| Summary | National Percentile | Rank vs Metro |
|---|---|---|
| Housing | 57th | Fair |
| Demographics | 57th | Good |
| Amenities | 11th | Poor |
Multifamily Valuation
| Property Details | |
|---|---|
| Address | 528 N Main St, Godley, TX, 76044, US |
| Region / Metro | Godley |
| Year of Construction | 1980 |
| Units | 32 |
| Transaction Date | --- |
| Transaction Price | --- |
| Buyer | --- |
| Seller | --- |
528 N Main St Godley Multifamily — Stable Suburban Demand
Neighborhood occupancy trends are firm, with the area showing steady renter demand and limited churn according to WDSuite’s CRE market data. For investors, the backdrop points to durable cash flow potential, tempered by a smaller renter base typical of low-density suburbs.

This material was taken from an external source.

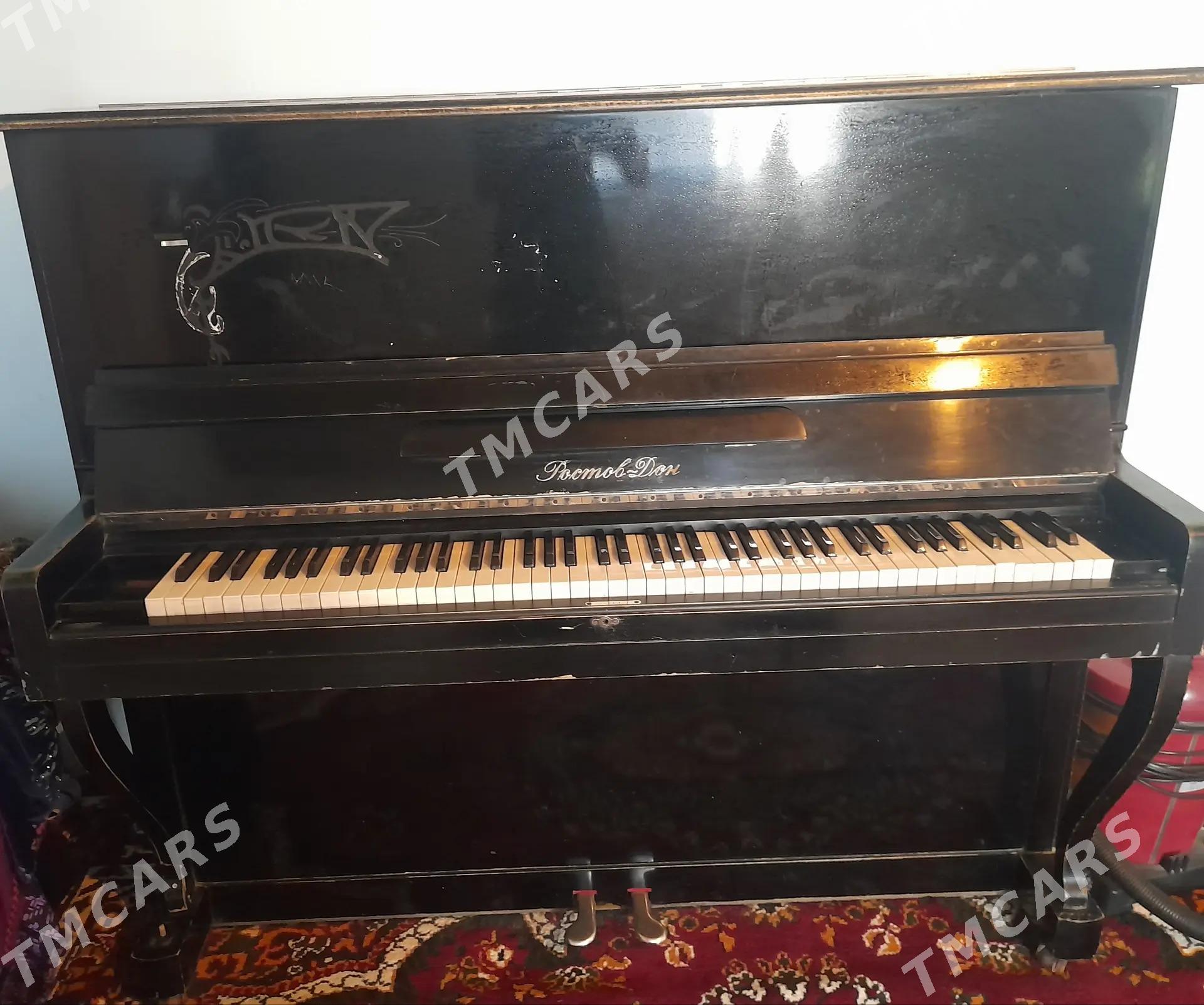 fortepiano (pianina) - Balkanabat - img 1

Located in suburban Godley within the Fort Worth–Arlington–Grapevine metro, the neighborhood rates C+ overall and is competitive among metro neighborhoods (368 out of 561). Occupancy in the neighborhood is high at roughly 96%, placing it competitive locally (rank 171 of 561), which supports income stability for multifamily assets during hold periods, based on CRE market data from WDSuite.
Amenity density is limited (amenities rank 464 of 561; low national percentile), so most daily needs likely require short drives. Average school ratings trend above the national median (about the 61st percentile nationally), which can aid retention for family households. The home ownership market skews higher-value (around the top quartile nationally), a context that can sustain renter reliance on multifamily housing when paired with manageable rent-to-income levels.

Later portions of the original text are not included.